Only the lines from the one containing "Eastpak selection Padded" to the end of the listing below should be returned, exactly as written and without pictures.
#### Given material ####
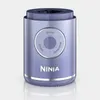 NINJA BC251EULD tragbarer Mixer mit Akku Produktbild-Vorschau 30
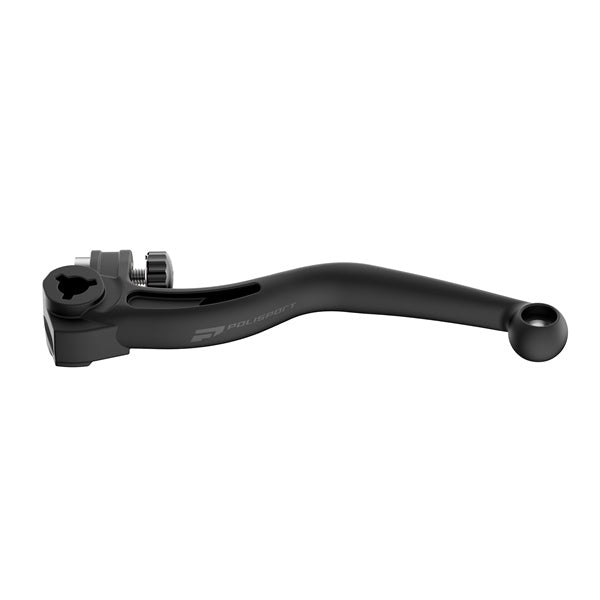 Polisport Levier APT (256049)
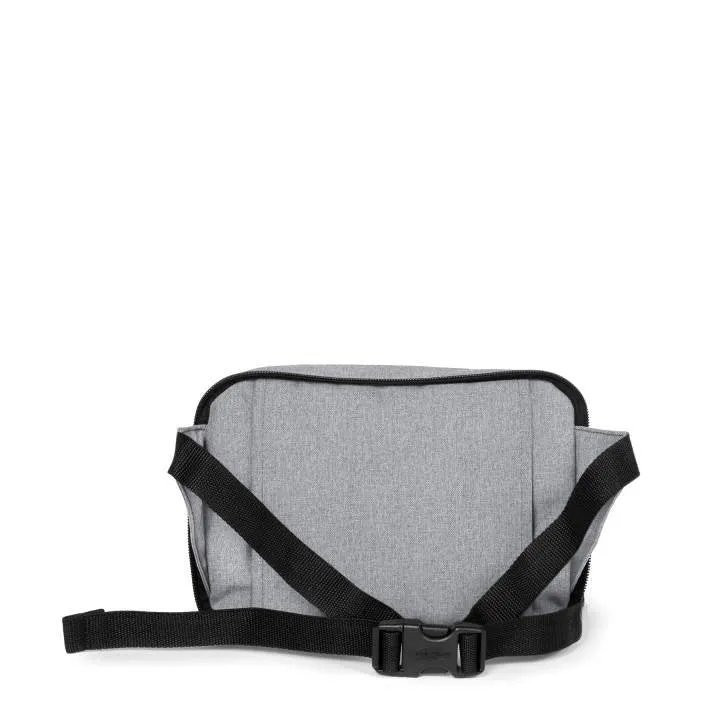 Eastpak selection Padded Traveller 20 - Rucksack 41 cm (sunday grey)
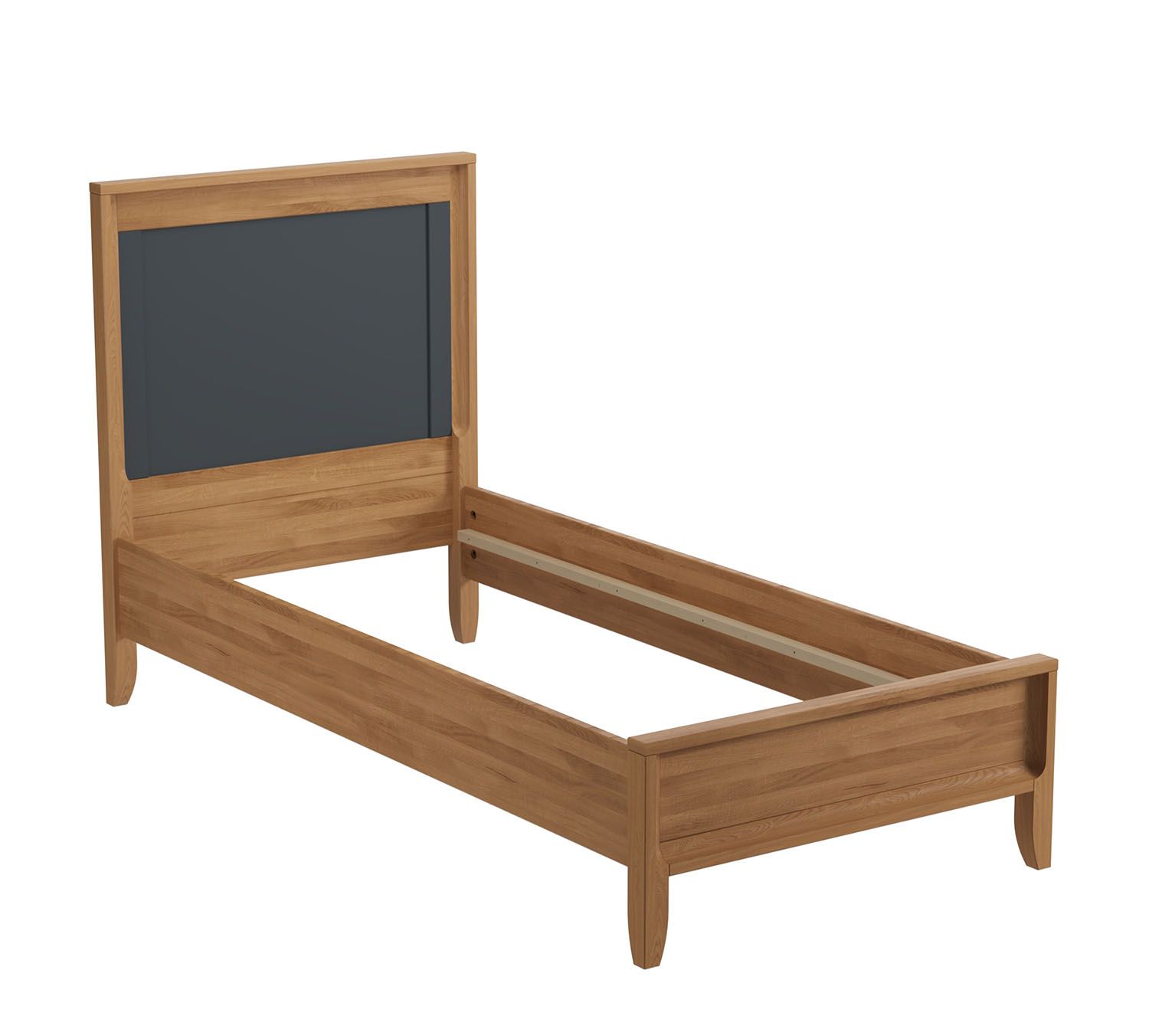 Кровать "Бридж" 90х200 №2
####
**Exercise response**
 Eastpak selection Padded Traveller 20 - Rucksack 41 cm (sunday grey)
 Кровать "Бридж" 90х200 №2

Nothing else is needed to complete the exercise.